Infine, per dare un’idea di quanto possa essere importante l’influenza di un gruppo etnico in una regione irachena, basti pensare alla provincia di al-Anbar, per quasi quattro anni uno dei posti più pericolosi in Iraq, che è ora diventato un luogo relativamente tranquillo grazie all’alleanza dell’esercito Usa con gli sceicchi sunniti.
Quello che conta, comunque, è che il Partito Democratico americano si sta dividendo sempre di più al suo interno, così come riporta Jonathan Weisman del Washington Post. Lo scorso venerdì, ad esempio Baird ha rivelato all’Olympian che non crede più in un ritiro delle truppe dall’Iraq.

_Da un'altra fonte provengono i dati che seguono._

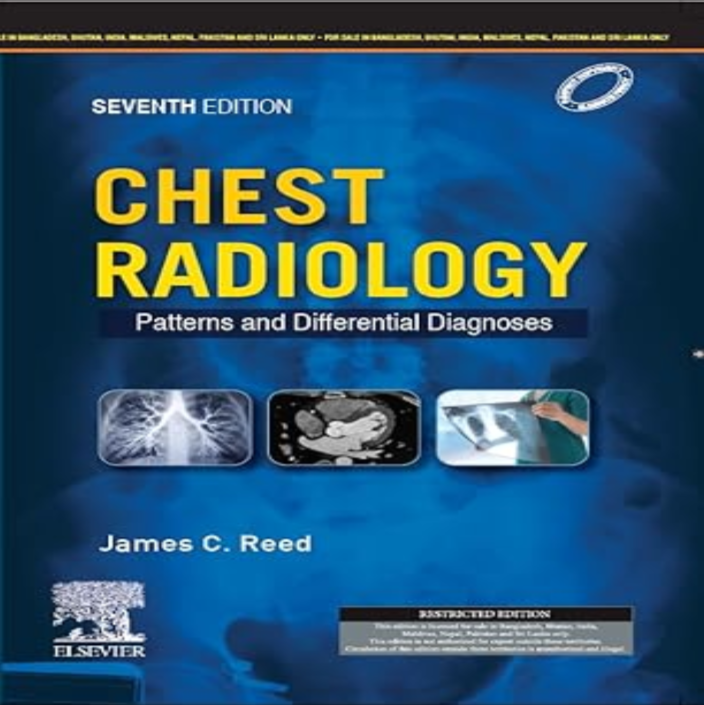 Chest Radiology: Patterns and Differential Diagnoses, 7e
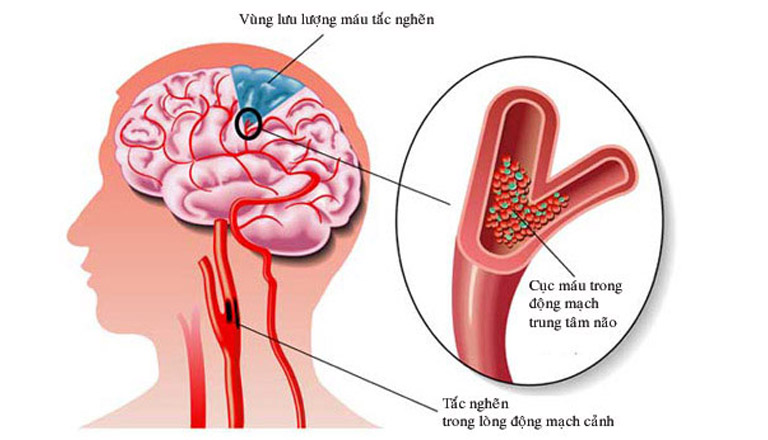 dau-dau-cang-thang-2.jpg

Ma anche il democratico membro del Congresso Tim Mahoney (Florida) ha recentemente dichiarato ad un giornale locale che l’incremento di truppe (voluto da Petraeus) “Ha realmente fatto la differenza mettendo in fuga al-Qaeda”. Dichiarazioni che sono state poi supportate anche da un altro democratico, il senatore dell’Illinois Richard Durbin, che ha dichiarato a sua volta “stiamo facendo progressi” riferendosi alla situazione irachena.
In generale, poi, sull’auspicato cambio di governo in Iraq la risposta più efficace l’ha data un Democratico, lo stesso Durbin ha infatti fatto venire un malanno ai suoi colleghi Democrats quando ha dichiarato: “Immaginate di dover insediare un nuovo leader ed un governo nuovo di zecca…quanti altri mesi dovremmo aspettare?”. Durbin si riferiva ovviamente al processo di riconciliazione nazionale concetto che, dalle parti di Washington, sembra ormai essere diventato una filastrocca da film horror per entrambi gli schieramenti politici.